Bisphénols, phtalates, solvants, parabènes... Une vaste étude publiée mardi montre que six «polluants du quotidien» dont on connaît encore mal les effets «sont présents dans l'organisme de tous les Français», alors que le gouvernement présente sa feuille de route contre les perturbateurs endocriniens.
Pour la première fois, Santé publique France a mesuré les niveaux d'imprégnation de la population française par six familles de substances polluantes présentes dans l'environnement et a cherché à identifier les sources d'exposition probables - produits ménagers, cosmétiques, emballages alimentaires, etc.
«Nous nous sommes intéressés à ces substances parce qu'il y a une préoccupation sanitaire, mais en aucun cas on ne peut prédire si les valeurs retrouvées représentent un risque sanitaire pour la population», car on manque encore de connaissances sur le sujet, a précisé à l'AFP Clémence Fillol, responsable de la surveillance biologique à Santé publique France.
L'organisme public rappelle toutefois que certains de ces produits sont des perturbateurs endocriniens ou des cancérogènes avérés ou suspectés.
Les substances recherchées sont les bisphénols (A, S et F), les phtalates, les parabènes, les éthers de glycol, les retardateurs de flamme bromés et les composés perfluorés.
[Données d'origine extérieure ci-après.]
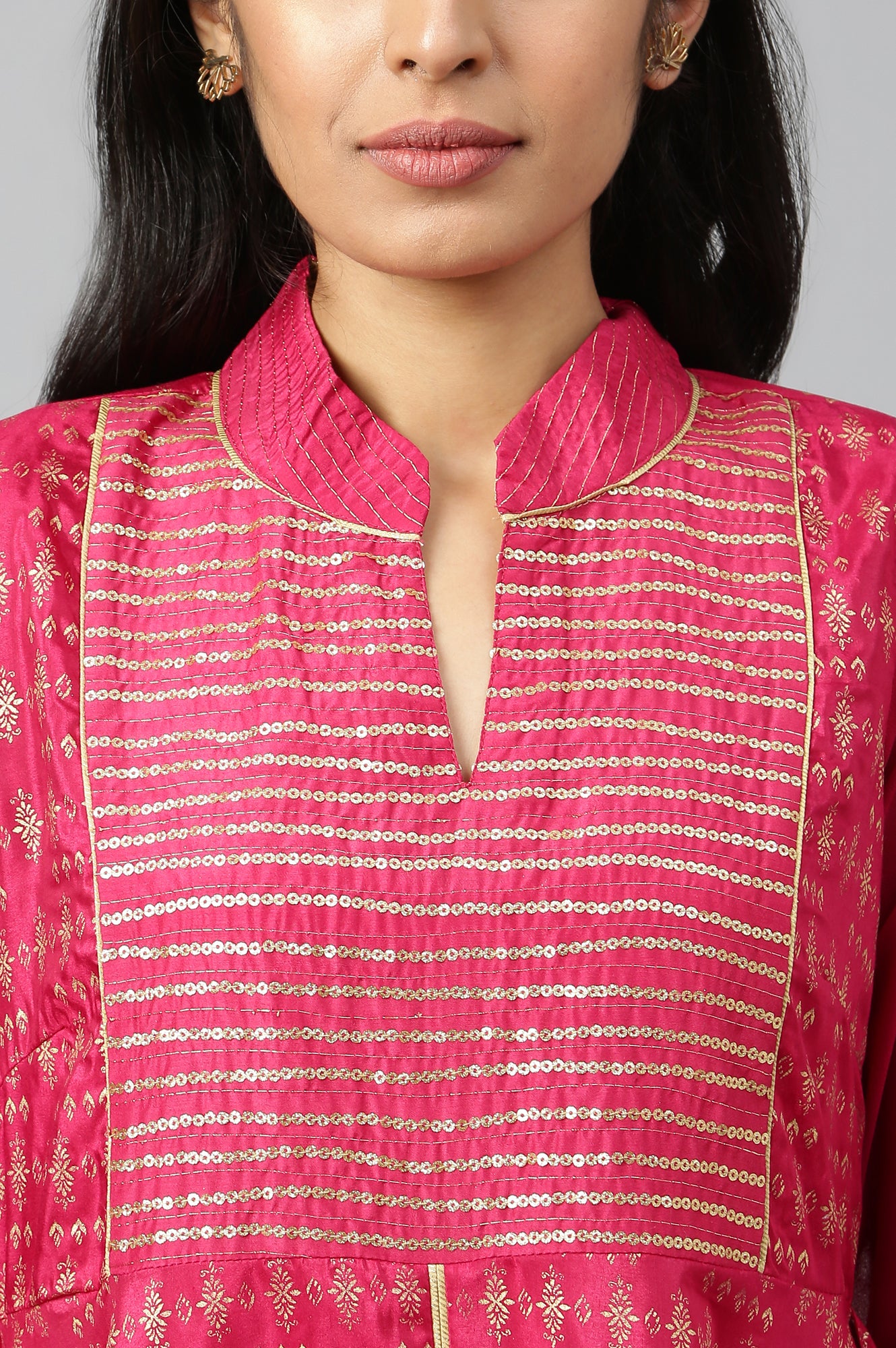 Magenta Band Collar Printed Flared kurta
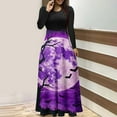 thumbnail image 1 of Qiopertar Vente de Liquidation Robe Longue à Manches Longues Imprimée Halloween pour Femmes avec Fermeture Éclair Col Rond Jupe Longue Offres de la Semaine Moins de 5$, 1 of 5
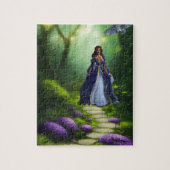 Princes lopen door betoverend bos legpuzzel (Verticaal)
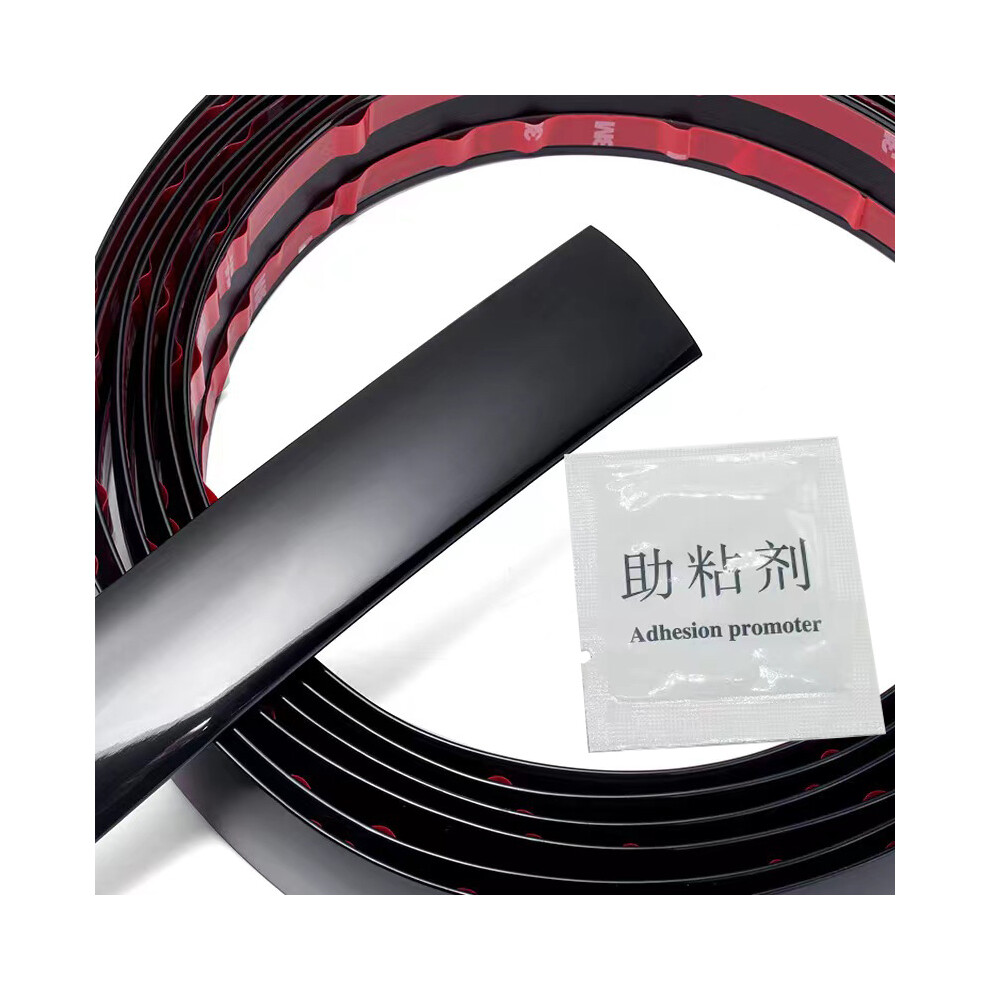 ( L5m-W10mm) Car Chrome Decorative Strips Protection Anti-Collision Tape Covering Scratches Black 9486291616587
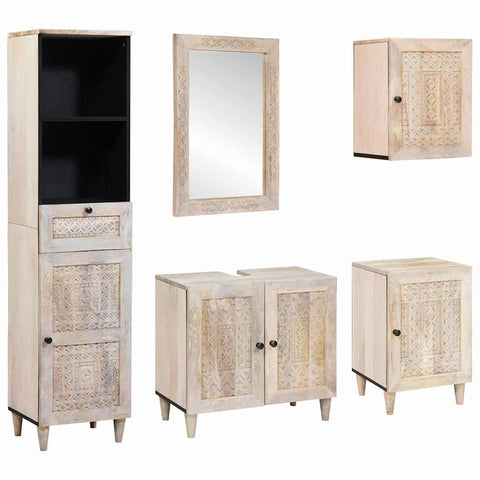 vidaXL Bathroom Furniture Set with Drawer 5 pcs White 38 x 33 x 160 cm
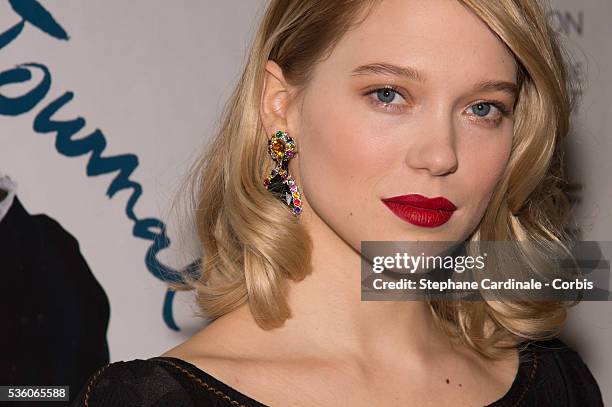 Actress Lea Seydoux attends the Paris Premiere of 'Journal D'Une Femme De Chambre' At MK2 Bibliotheque on March 23, 2015 in Paris, France.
Pour la plupart des substances, les niveaux d'imprégnation retrouvés sont «comparables à ceux d'autres études menées à l'étranger, notamment aux Etats-Unis et au Canada». Ils étaient toutefois plus faibles pour les parabènes et les retardateurs de flamme.
Ces résultats s'inscrivent dans le cadre d'Esteban - Etude de santé sur l'environnement, la biosurveillance, l'activité physique et la nutrition -, un programme de recherche lancé en 2014 pour suivre l'état de santé de la population française, et en particulier son exposition aux polluants.
Les mesures ont été réalisées entre 2014 et 2016 sur un échantillon représentatif de la population générale, composé d'environ 1.100 enfants et 2.500 adultes habitant en France continentale.
Les participants ont également répondu à des questionnaires sur leurs habitudes de vie, qui permettent de faire des hypothèses sur les sources d'exposition aux polluants.
Les résultats montrent notamment que «l'utilisation de produits cosmétiques et de soins augmente les niveaux d'imprégnation des parabènes et des éthers de glycol» et que «plus le logement est aéré» fréquemment «plus les niveaux d'imprégnation» en composés perfluorés et en retardateurs de flamme bromés «sont bas».
Santé publique France souligne aussi que «des niveaux d'imprégnation plus élevés sont retrouvés chez les enfants» comparativement aux adultes, ce qui peut s'expliquer par le fait qu'ils touchent et portent davantage les objets à la bouche, qu'ils sont plus exposés aux poussières domestiques ou que leur poids est relativement plus faible par rapport à leurs apports alimentaires.
Cette étude permet «d'établir pour la première fois des valeurs de référence d'imprégnation dans la population générale», explique Santé publique France.
C'est-à-dire qu'elle permettra de suivre l'évolution dans le temps de cette exposition et de déterminer si un groupe donné est surexposé à un polluant par rapport au reste de la population.
Deux autres volets de l'étude, portant sur l'exposition aux métaux et aux pesticides, seront publiés ultérieurement, a précisé Santé publique France.